[Data shown]

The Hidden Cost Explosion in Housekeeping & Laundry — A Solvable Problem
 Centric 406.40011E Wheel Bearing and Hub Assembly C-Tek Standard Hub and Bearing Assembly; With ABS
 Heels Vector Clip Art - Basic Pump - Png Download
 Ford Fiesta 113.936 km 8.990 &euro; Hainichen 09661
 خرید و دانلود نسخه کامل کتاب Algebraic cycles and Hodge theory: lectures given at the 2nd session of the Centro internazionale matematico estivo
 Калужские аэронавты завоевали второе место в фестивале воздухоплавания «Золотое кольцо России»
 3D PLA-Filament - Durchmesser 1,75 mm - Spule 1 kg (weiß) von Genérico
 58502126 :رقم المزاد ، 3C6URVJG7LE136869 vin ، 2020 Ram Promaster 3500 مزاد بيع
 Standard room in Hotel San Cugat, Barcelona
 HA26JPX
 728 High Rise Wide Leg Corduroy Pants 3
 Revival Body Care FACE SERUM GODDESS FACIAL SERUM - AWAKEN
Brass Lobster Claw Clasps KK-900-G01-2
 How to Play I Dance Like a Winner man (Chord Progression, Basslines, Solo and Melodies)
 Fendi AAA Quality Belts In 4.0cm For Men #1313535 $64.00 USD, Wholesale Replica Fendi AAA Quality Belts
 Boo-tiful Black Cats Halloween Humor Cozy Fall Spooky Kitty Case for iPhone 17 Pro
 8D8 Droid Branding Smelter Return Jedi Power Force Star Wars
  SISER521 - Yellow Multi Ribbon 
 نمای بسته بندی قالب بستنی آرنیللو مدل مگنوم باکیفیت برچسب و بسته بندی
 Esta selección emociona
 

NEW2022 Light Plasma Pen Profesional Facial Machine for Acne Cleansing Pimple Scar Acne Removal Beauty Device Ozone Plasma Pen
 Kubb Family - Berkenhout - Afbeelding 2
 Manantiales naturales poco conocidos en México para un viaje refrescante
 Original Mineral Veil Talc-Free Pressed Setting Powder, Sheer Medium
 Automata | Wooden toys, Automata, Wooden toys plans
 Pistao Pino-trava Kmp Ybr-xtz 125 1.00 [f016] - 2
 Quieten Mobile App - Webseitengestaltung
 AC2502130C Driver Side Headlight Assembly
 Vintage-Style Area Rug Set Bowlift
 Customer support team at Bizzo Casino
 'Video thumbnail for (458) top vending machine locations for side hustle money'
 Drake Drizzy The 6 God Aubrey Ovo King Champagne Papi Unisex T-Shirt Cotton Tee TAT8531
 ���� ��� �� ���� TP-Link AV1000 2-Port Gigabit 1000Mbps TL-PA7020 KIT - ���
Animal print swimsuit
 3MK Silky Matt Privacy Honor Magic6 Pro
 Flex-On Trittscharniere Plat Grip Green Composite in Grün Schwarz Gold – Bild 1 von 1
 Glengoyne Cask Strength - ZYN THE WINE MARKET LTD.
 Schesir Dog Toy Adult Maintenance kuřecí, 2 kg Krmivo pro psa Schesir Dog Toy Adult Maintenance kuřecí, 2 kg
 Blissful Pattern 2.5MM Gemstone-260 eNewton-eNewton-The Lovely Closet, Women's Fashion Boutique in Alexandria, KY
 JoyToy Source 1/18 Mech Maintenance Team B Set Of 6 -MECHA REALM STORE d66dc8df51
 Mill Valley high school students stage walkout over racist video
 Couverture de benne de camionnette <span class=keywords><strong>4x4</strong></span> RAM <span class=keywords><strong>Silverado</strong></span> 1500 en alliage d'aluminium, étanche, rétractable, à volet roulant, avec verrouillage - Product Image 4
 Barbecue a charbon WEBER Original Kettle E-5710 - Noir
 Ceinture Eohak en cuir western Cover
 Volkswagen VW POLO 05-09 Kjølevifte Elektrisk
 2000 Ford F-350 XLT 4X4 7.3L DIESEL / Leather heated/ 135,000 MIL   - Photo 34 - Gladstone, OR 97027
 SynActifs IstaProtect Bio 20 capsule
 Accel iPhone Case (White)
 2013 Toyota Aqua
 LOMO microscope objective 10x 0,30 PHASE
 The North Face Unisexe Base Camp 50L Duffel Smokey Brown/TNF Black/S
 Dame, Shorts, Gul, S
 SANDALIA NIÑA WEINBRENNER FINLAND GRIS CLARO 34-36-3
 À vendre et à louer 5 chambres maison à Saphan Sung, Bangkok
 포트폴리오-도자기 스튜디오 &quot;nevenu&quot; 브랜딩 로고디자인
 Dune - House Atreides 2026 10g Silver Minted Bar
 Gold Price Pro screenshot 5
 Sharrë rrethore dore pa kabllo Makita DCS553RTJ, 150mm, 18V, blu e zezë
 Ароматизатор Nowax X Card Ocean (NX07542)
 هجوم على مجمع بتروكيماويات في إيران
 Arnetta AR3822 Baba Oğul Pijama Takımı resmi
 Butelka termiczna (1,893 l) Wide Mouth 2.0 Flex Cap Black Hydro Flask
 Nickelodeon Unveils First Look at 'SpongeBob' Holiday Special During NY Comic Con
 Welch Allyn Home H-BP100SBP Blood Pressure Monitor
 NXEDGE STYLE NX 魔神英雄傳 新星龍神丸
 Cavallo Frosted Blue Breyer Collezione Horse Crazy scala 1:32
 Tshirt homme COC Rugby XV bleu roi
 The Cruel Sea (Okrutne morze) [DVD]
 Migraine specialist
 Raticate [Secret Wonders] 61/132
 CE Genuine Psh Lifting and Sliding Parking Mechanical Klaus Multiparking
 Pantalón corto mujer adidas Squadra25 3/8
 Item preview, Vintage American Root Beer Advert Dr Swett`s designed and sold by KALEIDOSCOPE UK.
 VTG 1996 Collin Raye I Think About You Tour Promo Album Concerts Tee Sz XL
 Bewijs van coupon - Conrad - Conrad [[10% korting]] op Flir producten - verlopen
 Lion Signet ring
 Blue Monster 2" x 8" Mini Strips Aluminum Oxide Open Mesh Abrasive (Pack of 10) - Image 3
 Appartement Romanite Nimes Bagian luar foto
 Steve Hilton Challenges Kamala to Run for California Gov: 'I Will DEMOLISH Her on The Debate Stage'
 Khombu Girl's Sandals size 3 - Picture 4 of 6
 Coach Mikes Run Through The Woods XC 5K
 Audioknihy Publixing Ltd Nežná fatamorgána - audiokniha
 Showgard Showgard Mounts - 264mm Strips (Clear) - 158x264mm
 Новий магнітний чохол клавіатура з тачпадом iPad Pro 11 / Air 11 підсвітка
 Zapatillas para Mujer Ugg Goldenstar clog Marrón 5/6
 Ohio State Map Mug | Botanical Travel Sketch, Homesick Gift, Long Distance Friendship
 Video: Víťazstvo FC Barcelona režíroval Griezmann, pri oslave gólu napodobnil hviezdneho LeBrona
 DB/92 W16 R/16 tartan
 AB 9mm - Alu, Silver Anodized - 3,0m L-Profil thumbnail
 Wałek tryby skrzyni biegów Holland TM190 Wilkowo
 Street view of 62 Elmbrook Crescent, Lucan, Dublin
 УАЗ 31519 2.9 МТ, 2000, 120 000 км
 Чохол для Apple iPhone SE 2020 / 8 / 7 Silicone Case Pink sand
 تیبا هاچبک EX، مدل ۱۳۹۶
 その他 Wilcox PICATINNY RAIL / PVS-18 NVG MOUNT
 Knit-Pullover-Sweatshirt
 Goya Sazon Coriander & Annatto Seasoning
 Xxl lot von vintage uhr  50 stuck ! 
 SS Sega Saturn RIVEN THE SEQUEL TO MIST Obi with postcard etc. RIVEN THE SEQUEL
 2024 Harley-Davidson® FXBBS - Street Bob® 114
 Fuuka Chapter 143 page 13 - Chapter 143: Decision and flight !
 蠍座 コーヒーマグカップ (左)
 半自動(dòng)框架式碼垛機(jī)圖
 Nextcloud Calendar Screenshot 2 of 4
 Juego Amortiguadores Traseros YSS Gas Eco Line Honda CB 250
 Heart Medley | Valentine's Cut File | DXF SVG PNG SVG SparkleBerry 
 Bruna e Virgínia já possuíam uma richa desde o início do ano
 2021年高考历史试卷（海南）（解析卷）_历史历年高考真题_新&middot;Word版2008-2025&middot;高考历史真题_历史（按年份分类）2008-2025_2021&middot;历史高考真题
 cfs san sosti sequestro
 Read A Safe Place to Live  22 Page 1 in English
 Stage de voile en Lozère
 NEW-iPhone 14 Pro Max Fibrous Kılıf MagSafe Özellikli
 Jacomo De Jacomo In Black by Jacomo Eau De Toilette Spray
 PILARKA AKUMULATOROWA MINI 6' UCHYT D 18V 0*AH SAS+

[/Data shown]

■ **Task requirements**
Copy out each line of the entries that holds "Wide".

■ **Task response**
 728 High Rise Wide Leg Corduroy Pants 3
 Butelka termiczna (1,893 l) Wide Mouth 2.0 Flex Cap Black Hydro Flask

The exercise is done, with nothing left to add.